The common misconception with managerial types is that this sense of beauty is totally irrelevant or even harmless to the project. Well, it’s not…

It’s both an indication of the craftsmanship (or craftswomanship) of the developer talking about it, as well as an indication of an impending problem (or the presence of technical debt, as you might call it). When a developer says something like “We should have implemented this using the Strategy Pattern.” it’s not the equivalent of “We should have hung this picture frame on the wall using wire instead of a nail.” for interior decoration. It’s the equivalent of saying “We just knocked a hole in the supporting wall. It’ll hold for now, but the wall needs strengthening and will collapse once you knock another hole into it.”. Dismissing him/her means that you’re both throwing caution in the wind as well as that you’re effectively disrespecting your developer and he/she will remember when you ask him/her to work overtime on that particularly nasty bug that crops a few months later after someone knocked another hole in that wall.

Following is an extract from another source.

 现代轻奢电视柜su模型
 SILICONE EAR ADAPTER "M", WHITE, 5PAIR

(For those of you who think that you have a Process in place for this: in my experience, having a process typically means that people shut off their brains regarding anything governed by that process. Process should be about achieving the common goal, ensuring productivity and providing safety nets, not about placing blame.)

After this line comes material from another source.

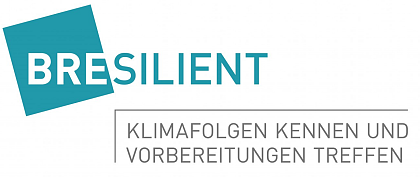Logo des Projekts BREsilient mit dem Schriftzug: Klimafolgen kennen, Vorbereitungen treffen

Not listening to your developer having this sense of beauty can and will hurt your project. The bigger issue is that, from a managerial viewpoint, there’s a focus on delivering functional features. Most of the time, a developer’s sense of aesthetics doesn’t concern functionality but rather the infrastructure and architecture of the code -the look-and-feel of the code, but not so much what the code’s actually doing for the business. So, spending time on improving that will have no or no discernible effect on the number of features delivered and will not provide any business value in the near future. Again, the analogy with building a house is useful: the family will want to live in the house as soon as possible, even while it’s still under construction. Given that, having furniture and drapes seems much more important for the end users (the occupants) than having a construction which allows expansion in a few years’ time, even though some walls are creaking under stress somewhat… But, there’s a time that that expansion will be required or that those walls are cracking or even collapsing. At that point, you’ll remember that worker’s warning.

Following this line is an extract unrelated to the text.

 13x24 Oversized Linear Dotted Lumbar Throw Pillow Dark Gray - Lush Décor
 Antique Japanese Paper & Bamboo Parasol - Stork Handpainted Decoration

There’s another side to my message: developers should voice their opinions more clearly and loudly and should stand up more to the powers-that-be. When a project manager asks me for an estimate and says “It’s too much. You should be able to do it in half the time, if you just employ these-and-these hacks”, my response simply is: “If you don’t like the estimate, please find some other chap to do your work and don’t call when this person’s work falls apart (unless you’re willing to take me up on the original estimate, of course).”. On one occasion, I’ve simply refused to provide an estimate for doing something the wrong/hacky way, while I was willing to put a number to the right way, which was much more risky but reduced technical debt considerably. In the end, I both proved to be right as well as earned some extra kudos for using my skills in this way for the benefit of the project.

By the way: there’s a very nice article by Jeff Ello about managing geeks.

Categories: SD in general
  1. Alard
    February 25, 2011 at 10:19 am

    Hi Meinte, I totally agree 🙂 Developers should speak up more when the quality of the code is at stake.

    BTW, a good book about craftsmanship in writing code is “Clean Code” by Uncle Bob (Robert C. Martin). It’s loaded with good advice on how to write good code, or as he puts it, to keep the code clean.